Eastman Johnson Catalogue Raisonné
Patricia Hills, PhD, Founder and Director | Abigael MacGibeny, MA, Project Manager

Acknowledgments

We are most grateful to the National Academy of Design for embracing the Eastman Johnson Catalogue Raisonné Project and agreeing to be the long-term steward of the EJCR, the content of which NAD will maintain and periodically update. Director Gregory Wessner and his staff have been most enthusiastic about this endeavor and moving it to completion. Sara Reisman, Chief Curator and Director of NA Affairs, and Blaise Marshall, Communications Manager, were unstinting in preparations for the initial launch of the EJCR with “Paintings.” Subsequently, for the completion of the EJCR with “Drawings and Prints,” we also appreciated the support of Eliza Coviello, Deputy Director; Thomas E. Moore III, Director of Development; and Sophie Bedecarré Ernst, Communications Manager.

Our special appreciation goes to Johnson family descendants who made works and information available to us through the years, up to and including the crucial publication stage.

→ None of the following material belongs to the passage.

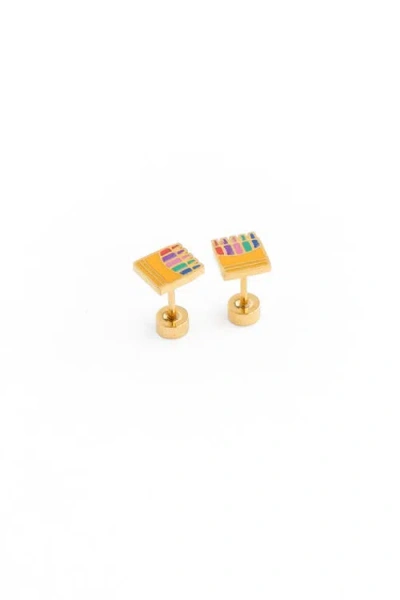 Pip Pop Kids'  Crayon Stud Earrings In Gold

Many thanks also to our other excellent partners on the project: copyeditor Jessie Sentivan; Erik Schoonhoven, our consultant in the Netherlands; and project assistant Pavla Berghen-Wolf. The brilliant and multi-talented designer Susannah Shepherd of panOpticon, provider of the EJCR database and website, worked with us to design a custom interactive website compatible with the NAD website. —Patricia Hills and Abigael MacGibeny

Patricia Hills's acknowledgments
Abigael MacGibeny's acknowledgments

 

Patricia Hills's acknowledgments

Many patrons, colleagues, and friends deserve to be acknowledged for their encouragement of the Eastman Johnson Catalogue Raisonné Project. First, I want to thank my dissertation advisors, Professor Robert Goldwater at the Institute of Fine Arts and John I. H. Baur, then the director of the Whitney Museum of American Art. Baur not only read the dissertation but also hired me to be guest curator for the Eastman Johnson retrospective held at the Whitney in 1972 and which traveled to Detroit, Oakland, and Milwaukee. Baur, who had been trained in art history at Princeton and Yale Universities, had mounted the previous Johnson retrospective at the Brooklyn Museum of Art in 1939–40. His checklist of 472 paintings and drawings, published in the Brooklyn Museum’s catalogue, served as the basis for the more than 1,400 entries of the present EJCR; his notebooks at the Archives of American Art provided information on additional artworks that came to light after his publication. More additional works were gleaned from auction house records, exhibition records, museum accession records, diaries of sitters, and letters of Johnson and his friends, as well as works brought to me to examine in the last fifty years.

In the early 1980s in Boston gallerist Robert Vose encouraged me to take my examinations of Johnson works seriously and to create a proper catalogue raisonné based on my examination notes and research cards. Roger Howlett of Childs Gallery offered to accept shipments of Johnson paintings sent for my examinations in Boston; later in the 2010s Adam Adelson of Adelson Galleries/Boston also offered the same services. Adam’s father Warren Adelson, who had earlier opened Adelson Galleries in New York, has been a constant supporter of the EJCR project; Warren encouraged me to apply to the Mr. and Mrs. Raymond J. Horowitz Foundation for American Art and has given me valuable advice over the decades. And for his most generous gifts to both the EJCR Endowment and the EJCR Operating Fund, I send most welcome thanks to Bruce McLanahan, whom I met 50 years ago when I went to his home to examine a painting.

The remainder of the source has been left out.